[[ Data provided, beginning ]]

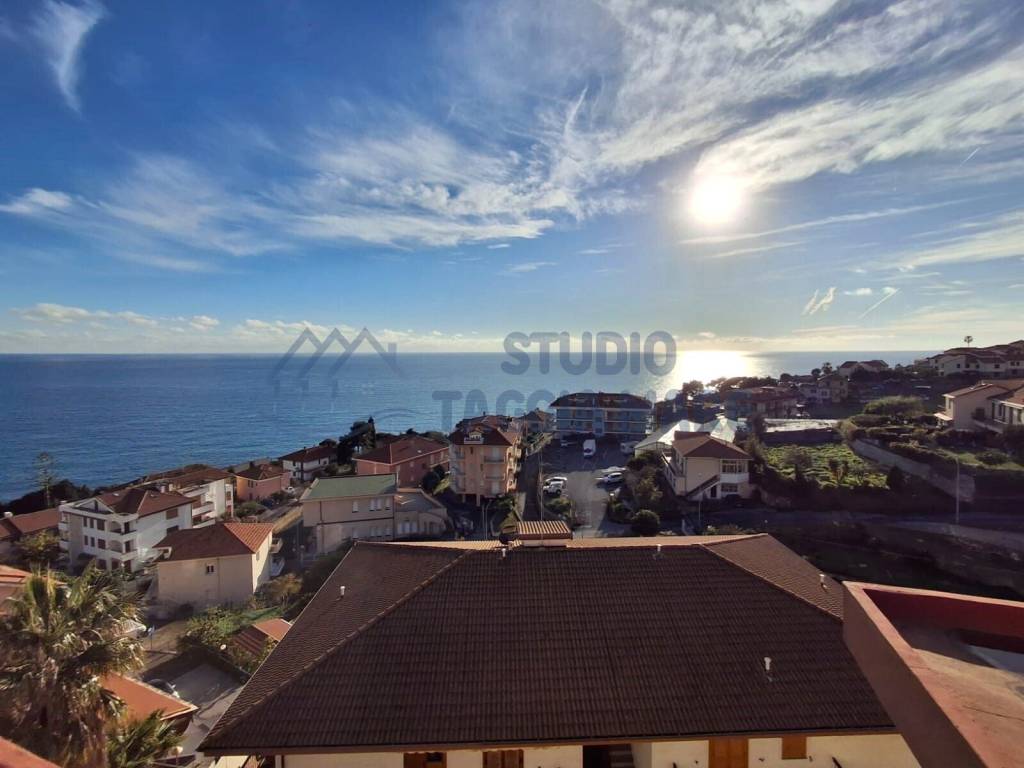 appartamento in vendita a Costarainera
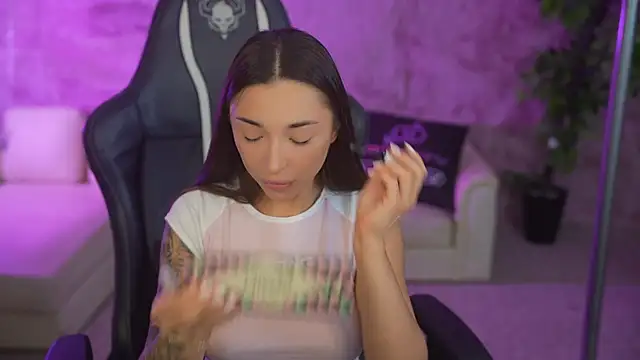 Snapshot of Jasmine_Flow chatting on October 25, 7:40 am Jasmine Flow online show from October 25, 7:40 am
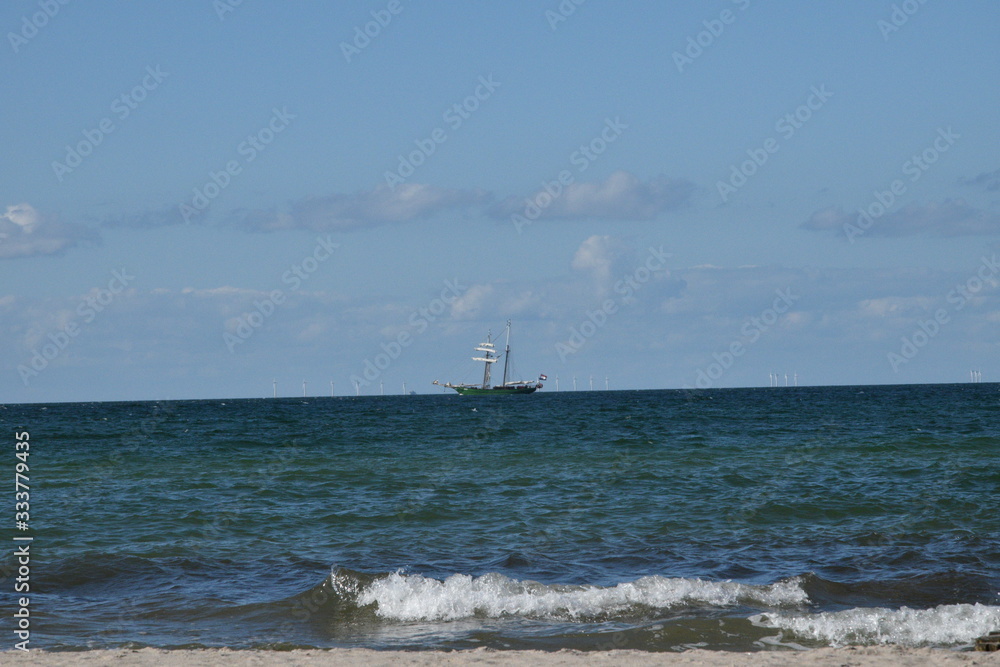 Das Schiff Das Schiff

[[ Data provided, end ]]

◆ **What you will do**
Nothing but the lines from the one containing "Snapshot of Jasmine_Flow" through the end of the listing should be written out, each exactly, and pictures must be left out.

◆ **Task result**
 Snapshot of Jasmine_Flow chatting on October 25, 7:40 am Jasmine Flow online show from October 25, 7:40 am
 Das Schiff Das Schiff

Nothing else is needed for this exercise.